Zoo, ultima fatica dei madrileni e squinternatissimi Yllana, non ha nessun rapporto con sconcezze o parolacce, neppure con le parole in senso proprio, ma, nondimeno, ha ricevuto il premio Max per le arti sceniche in Spagna quale miglior allestimento infantile del 2010 e, in effetti, il bel Teatro di Rifredi (Firenze) pullula di pargoli in sala, ove ad accoglierci troviamo un sipario aperto con alcuni addobbi botanici dalle vaghe reminiscenze di silvestre esotismo. Le luci calano e uno schermo sul fondale proietta i titoli d’apertura d’un filmato, a parodia di certe vecchie pellicole avventurose. Lo spettacolo, però, ha inizio in platea: quattro improbabili figuri agghindati da esploratori s’inoltrano con passo felpato e guardingo tra le poltroncine gremite e la sorpresa degli spettatori: cercano “la loro jungla”, punto d’approdo e svolgimento della loro traversia scenica, il palco.

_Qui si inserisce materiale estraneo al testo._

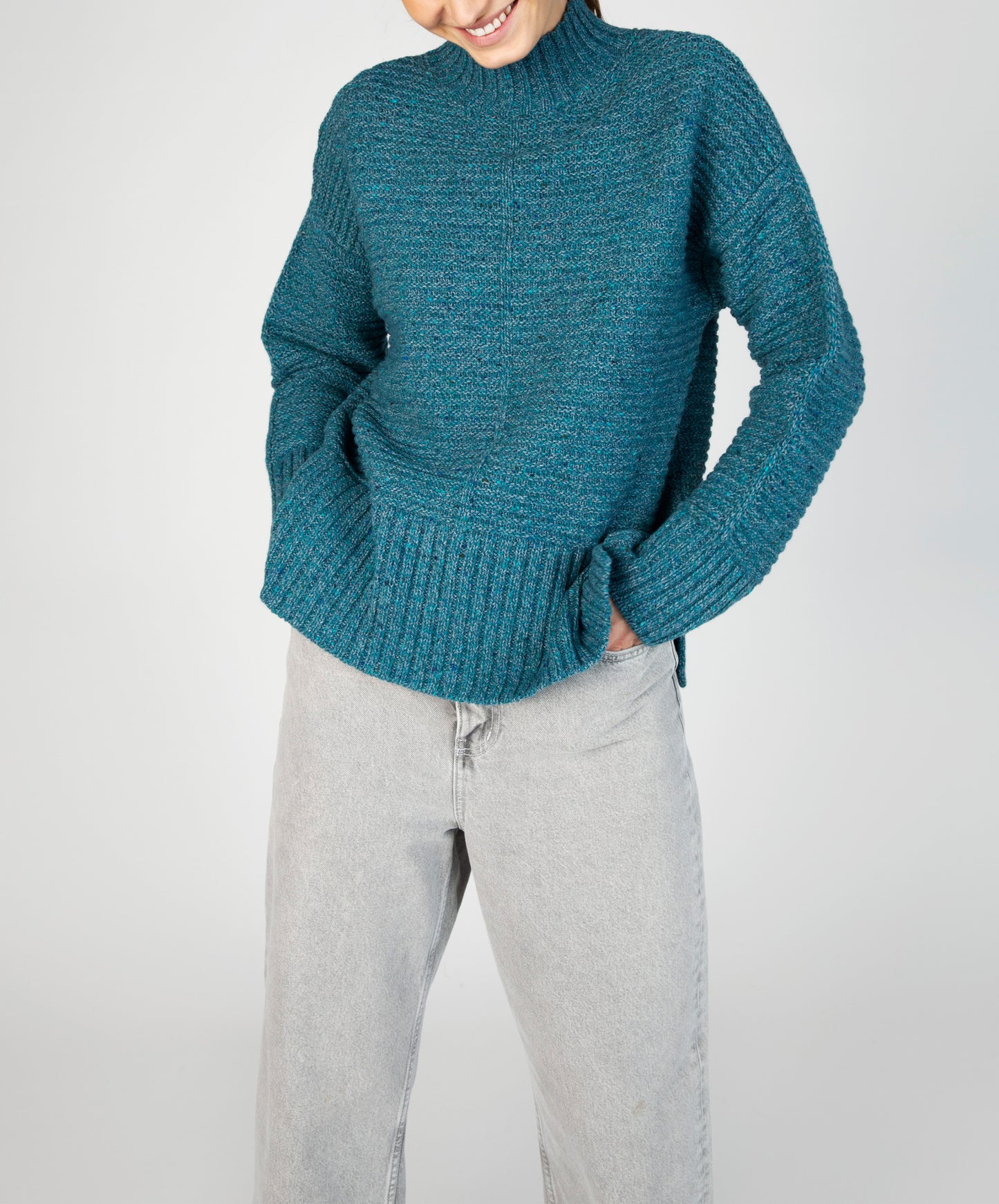 IrelandsEye Knitwear ‘Iris’ Contrast Panel Funnel Neck Sweater Aquamarine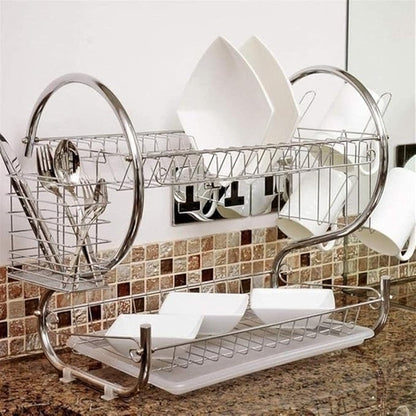 Space-Saving 2-Tier S Shaped Dish Drying Rack Kitchen Organizer with Stainless Steel Build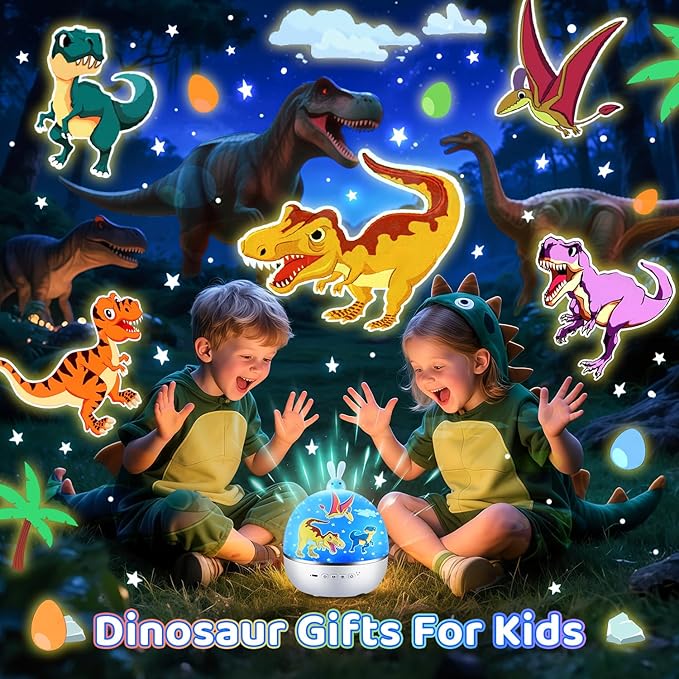 One Fire Dinosaur Night Light Projector, with 15 Films & Bluetooth Music and Remote-Controlled Dino Night Light, Rechargeable Star Projector for Kids, Dino Decor Dinosaur Gifts for Boys.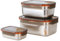 Set 3 Contenitori per Alimenti Ermetici in Acciaio Inox con Coperchio Salvafreschezza (550ml / 1100ml / 1900ml) – Microonde, Lavastoviglie, Freezer, Frigo – Senza BPA, A Prova di Perdite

La breve sequenza d’inizio ben illustra la linea della performance, improntata a una comicità che unisce clownerie, slapstick, assurdità e caratterizzazioni dei personaggi. Juan Francisco Dorado è il leader machista, capo escursione di bell’aspetto, invadenza pelvica e intrepido atletismo: i pugnali gli s’infilano puntualmente nello stesso albero a sinistra della scena, a prescindere dalla direzione verso cui li scagli, ottenendo rispetto e ammirazione dai compagni di ventura. Susana Cortés è la vivace, paffutella lady del gruppo, sospesa tra ammiccamenti ridicolosi e una vocalità sopra le righe. César Maroto è… il “calvo”: sessualmente incerto (ben dosate le sequenze in cui sembra ammaliato dalla mascolinità del capo), ha doti d’inatteso eclettismo, in chiave sia comica sia corporea, mentre Rubén Hernández è lo scienziato della spedizione, con ordinaria lente d’ingrandimento e assai poca baldanza.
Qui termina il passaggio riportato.